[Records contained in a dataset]
"""

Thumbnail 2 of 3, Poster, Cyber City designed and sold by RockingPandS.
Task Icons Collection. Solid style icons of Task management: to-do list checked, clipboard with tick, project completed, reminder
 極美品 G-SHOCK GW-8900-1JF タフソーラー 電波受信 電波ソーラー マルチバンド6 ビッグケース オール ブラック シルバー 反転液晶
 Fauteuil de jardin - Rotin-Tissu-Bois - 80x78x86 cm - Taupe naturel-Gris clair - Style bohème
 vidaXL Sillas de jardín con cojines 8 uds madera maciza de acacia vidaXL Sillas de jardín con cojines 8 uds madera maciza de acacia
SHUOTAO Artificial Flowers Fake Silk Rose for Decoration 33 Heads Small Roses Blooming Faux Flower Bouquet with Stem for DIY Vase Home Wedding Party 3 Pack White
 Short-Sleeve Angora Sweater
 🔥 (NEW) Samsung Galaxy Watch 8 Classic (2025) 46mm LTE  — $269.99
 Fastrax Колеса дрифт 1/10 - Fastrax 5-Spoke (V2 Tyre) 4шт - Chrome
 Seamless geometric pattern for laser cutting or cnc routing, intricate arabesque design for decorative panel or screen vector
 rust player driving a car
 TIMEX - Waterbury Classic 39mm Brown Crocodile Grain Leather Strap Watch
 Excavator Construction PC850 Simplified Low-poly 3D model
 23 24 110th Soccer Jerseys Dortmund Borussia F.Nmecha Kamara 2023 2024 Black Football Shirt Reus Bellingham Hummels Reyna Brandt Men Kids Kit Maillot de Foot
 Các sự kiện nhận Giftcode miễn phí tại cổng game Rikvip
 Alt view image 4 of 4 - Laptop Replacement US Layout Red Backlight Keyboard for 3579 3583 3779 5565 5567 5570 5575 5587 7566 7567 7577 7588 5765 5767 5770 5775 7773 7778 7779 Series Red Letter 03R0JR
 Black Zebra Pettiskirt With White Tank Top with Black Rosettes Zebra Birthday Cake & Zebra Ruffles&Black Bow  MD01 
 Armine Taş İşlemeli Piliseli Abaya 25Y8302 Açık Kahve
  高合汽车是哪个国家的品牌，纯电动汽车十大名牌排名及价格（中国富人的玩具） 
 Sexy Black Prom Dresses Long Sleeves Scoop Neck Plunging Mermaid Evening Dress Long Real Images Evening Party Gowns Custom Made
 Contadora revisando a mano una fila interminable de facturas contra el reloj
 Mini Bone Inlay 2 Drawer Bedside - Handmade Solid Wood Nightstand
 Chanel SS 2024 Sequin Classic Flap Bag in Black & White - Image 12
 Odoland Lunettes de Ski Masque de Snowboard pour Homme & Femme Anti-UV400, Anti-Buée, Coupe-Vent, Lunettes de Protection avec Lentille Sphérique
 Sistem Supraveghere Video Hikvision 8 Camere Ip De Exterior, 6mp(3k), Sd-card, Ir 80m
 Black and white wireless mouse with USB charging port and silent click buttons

"""

TASK STATEMENT.
The data should be transcribed exactly, line for line.

EXERCISE RESPONSE.
Thumbnail 2 of 3, Poster, Cyber City designed and sold by RockingPandS.
Task Icons Collection. Solid style icons of Task management: to-do list checked, clipboard with tick, project completed, reminder
 極美品 G-SHOCK GW-8900-1JF タフソーラー 電波受信 電波ソーラー マルチバンド6 ビッグケース オール ブラック シルバー 反転液晶
 Fauteuil de jardin - Rotin-Tissu-Bois - 80x78x86 cm - Taupe naturel-Gris clair - Style bohème
 vidaXL Sillas de jardín con cojines 8 uds madera maciza de acacia vidaXL Sillas de jardín con cojines 8 uds madera maciza de acacia
SHUOTAO Artificial Flowers Fake Silk Rose for Decoration 33 Heads Small Roses Blooming Faux Flower Bouquet with Stem for DIY Vase Home Wedding Party 3 Pack White
 Short-Sleeve Angora Sweater
 🔥 (NEW) Samsung Galaxy Watch 8 Classic (2025) 46mm LTE  — $269.99
 Fastrax Колеса дрифт 1/10 - Fastrax 5-Spoke (V2 Tyre) 4шт - Chrome
 Seamless geometric pattern for laser cutting or cnc routing, intricate arabesque design for decorative panel or screen vector
 rust player driving a car
 TIMEX - Waterbury Classic 39mm Brown Crocodile Grain Leather Strap Watch
 Excavator Construction PC850 Simplified Low-poly 3D model
 23 24 110th Soccer Jerseys Dortmund Borussia F.Nmecha Kamara 2023 2024 Black Football Shirt Reus Bellingham Hummels Reyna Brandt Men Kids Kit Maillot de Foot
 Các sự kiện nhận Giftcode miễn phí tại cổng game Rikvip
 Alt view image 4 of 4 - Laptop Replacement US Layout Red Backlight Keyboard for 3579 3583 3779 5565 5567 5570 5575 5587 7566 7567 7577 7588 5765 5767 5770 5775 7773 7778 7779 Series Red Letter 03R0JR
 Black Zebra Pettiskirt With White Tank Top with Black Rosettes Zebra Birthday Cake & Zebra Ruffles&Black Bow  MD01 
 Armine Taş İşlemeli Piliseli Abaya 25Y8302 Açık Kahve
  高合汽车是哪个国家的品牌，纯电动汽车十大名牌排名及价格（中国富人的玩具） 
 Sexy Black Prom Dresses Long Sleeves Scoop Neck Plunging Mermaid Evening Dress Long Real Images Evening Party Gowns Custom Made
 Contadora revisando a mano una fila interminable de facturas contra el reloj
 Mini Bone Inlay 2 Drawer Bedside - Handmade Solid Wood Nightstand
 Chanel SS 2024 Sequin Classic Flap Bag in Black & White - Image 12
 Odoland Lunettes de Ski Masque de Snowboard pour Homme & Femme Anti-UV400, Anti-Buée, Coupe-Vent, Lunettes de Protection avec Lentille Sphérique
 Sistem Supraveghere Video Hikvision 8 Camere Ip De Exterior, 6mp(3k), Sd-card, Ir 80m
 Black and white wireless mouse with USB charging port and silent click buttons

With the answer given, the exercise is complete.